* **What is needed**: A word-for-word copy of the data, pictures excluded, is what this task asks for.

* **Information supplied**:

* * * * * * * * *

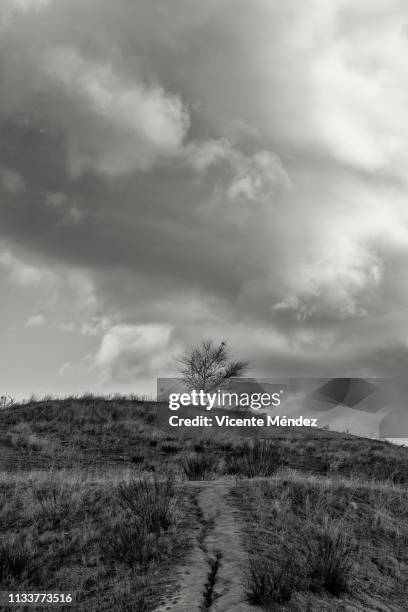 lonely tree on the hill - escena rural 個照片及圖片檔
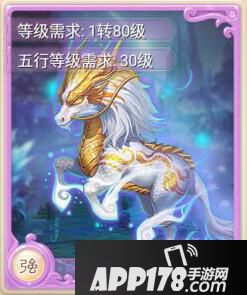 大话西游手游变身卡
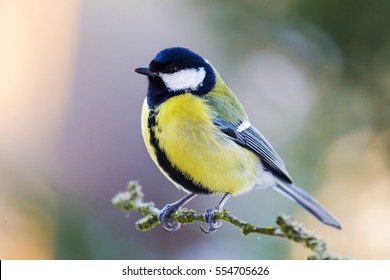 Image result for great tit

* * * * * * * * *

* **Response**:
 lonely tree on the hill - escena rural 個照片及圖片檔
 大话西游手游变身卡
 Image result for great tit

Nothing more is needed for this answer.